The fact that people aren't forced to submit to the Catholic Church doesn't counter this argument, though this is a weak rebuttal given the fact that Catholic leaders actively work for ways that would force people to live under their church's rules. The fact that the listed problems exist elsewhere also doesn't amount to a good rebuttal because "intrinsic" doesn't mean that the quality at issue is unique.

The fact it's theoretically possible for the Catholic Church to reform and change also doesn't counter this argument; first, because it's had plenty of time and second because that doesn't change it's nature now. What's "intrinsic" to something can change over time, after all. A theoretical future Catholic Church might not be intrinsically immoral, but that doesn't affect what we have right now, today.
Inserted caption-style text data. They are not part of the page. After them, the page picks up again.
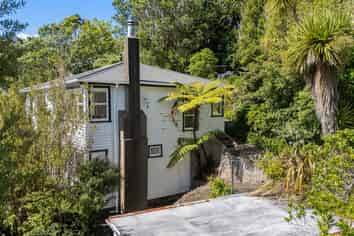 152 Helston Road, Paparangi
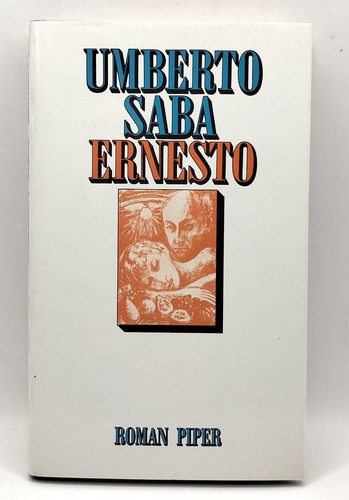 Ernesto von umberto - von,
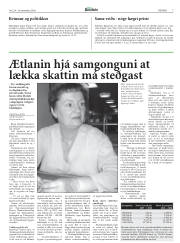 Síða 7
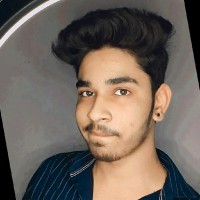 Aniket Guglan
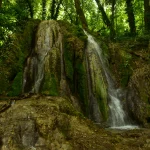 Le sentier du Châtaignier – Le 02/05/2026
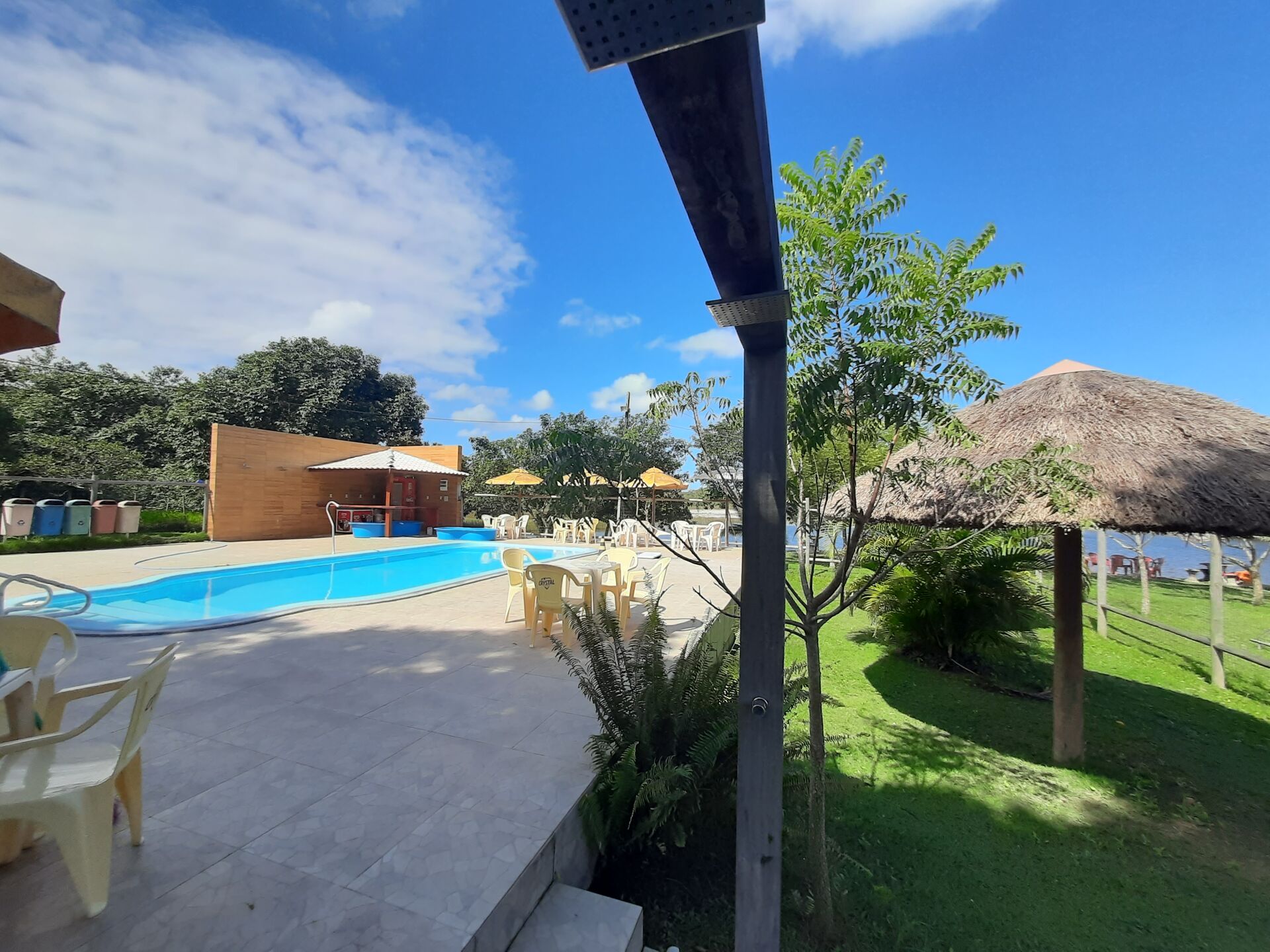 Terreno, 152 m² - Foto 27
So the questions raised are: is an unaccountable dictatorship intrinsically immoral or not? If not, why not? If it's morally acceptable when the dictator is God but not when the dictators are human, why? How is it morally acceptable when it's still humans who are providing all we know about the alleged will of this alleged god?

Comments
November 30, 2013 at 10:20 am
(1) Jeanne says:

I consider Christianity to be immoral in any of it’s forms. First of all, to punish an innocent person for what others have done is immoral. To punish an innocent person for “sins” that have not yet been committed is even worse. Then, to threaten anyone who does not think that this is a great idea with eternal punishment is the height of immorality. Just when you think it cannot get any worse you have those who believe that they are automatically forgiven for any wrongdoing simply for holding the “right” set of beliefs. So, thinking the right things even if you are doing the wrong things is better than thinking differently, using reason and logic and doing the right things? Concerning the Catholic church, they have been unaccountable for anything that has gone on or is still going on withing it’s ranks. Such an organization has no business preaching morality.
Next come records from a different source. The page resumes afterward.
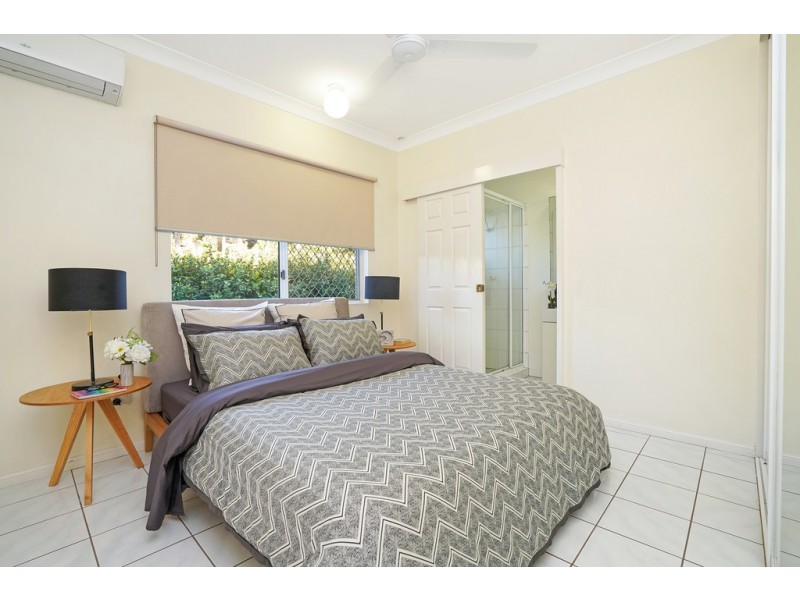 1 Kooyonga Parade, Durack NT 0830
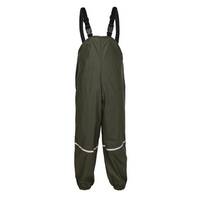 manual override of the alt attribute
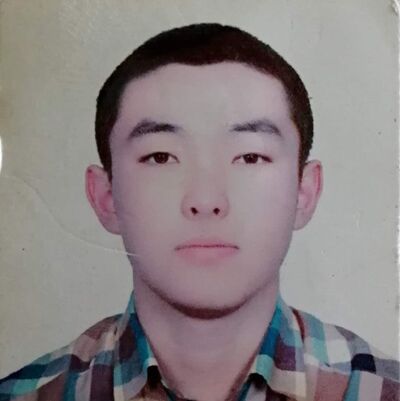  ,   DDDon, 22 ,   ,   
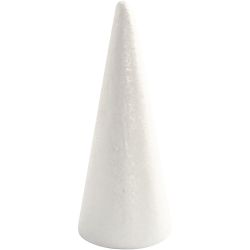 Cono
December 2, 2013 at 7:39 pm
(2) J. Van Bergen says:

The question whether a particular religious teaching is wrong in its teachings, structure and actions is a very important one. It should be answered only after examining its funamentals.
The Bible is a book which glorifies actions by individuals as well as groups which are in every respect criminal in nature. The Khoran is no different. All these actions, like autocratic oppression, murder, genocide, infanticide, incest and rape were justified as being either committed in the name of God or were directly ordred by God. How can any religion, based on these teachings be called “Moral”.
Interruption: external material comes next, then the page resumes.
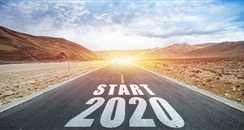 不可错过，2020年美业最值得关注的8大增长领域！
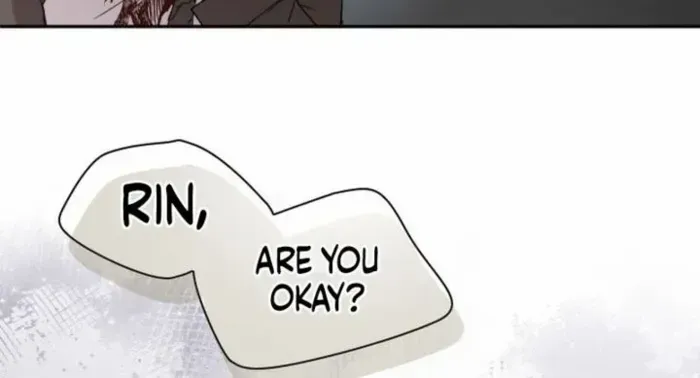 The Rebirth of the Hero’s Party’s Archmage Chapter 109 page 7 -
December 5, 2013 at 4:00 pm
(3) Jeanne says:

Christianity in any of it’s forms is an immoral religion. Any religion that teaches people that they are evil and unworthy unless they belong to that religion and agree to certain rituals is immoral. Any religion that teaches that even among believers, there are those who are inferior, such as women, is immoral. Any religion that teaches that a newborn baby is already sinful and unless water is sprinkled on it’s head or totally immersed while the proper incantations are recited is immoral. Any religion that teaches that if the infant dies before such rituals can be performed is doomed to an eternity of suffering is immoral. This idea totally condemns the billions of people who were not fortunate enough to be born in a country that teaches people to worship the “right ” god and totally eliminates the need for personal responsibility. After all, a mass murderer or a serial rapist only has to accept Jesus before getting the lethal injection and he enjoys an eternity of bliss while a Hindu or Muslim doctor who saved countless lives will suffer forever for following the “wrong” religion. That is an immoral concept.

Christianity is a religion based on human sacrifice. Of course, they have cleaned it up so that they can bathe themselves in the “blood”: without all the mess, but it it is still the sacrifice of a choice victim God sacrifices himself to himself for the sins of others and for sins not even committed as of yet. Is that really the best idea the almighty creator of the universe could come up with?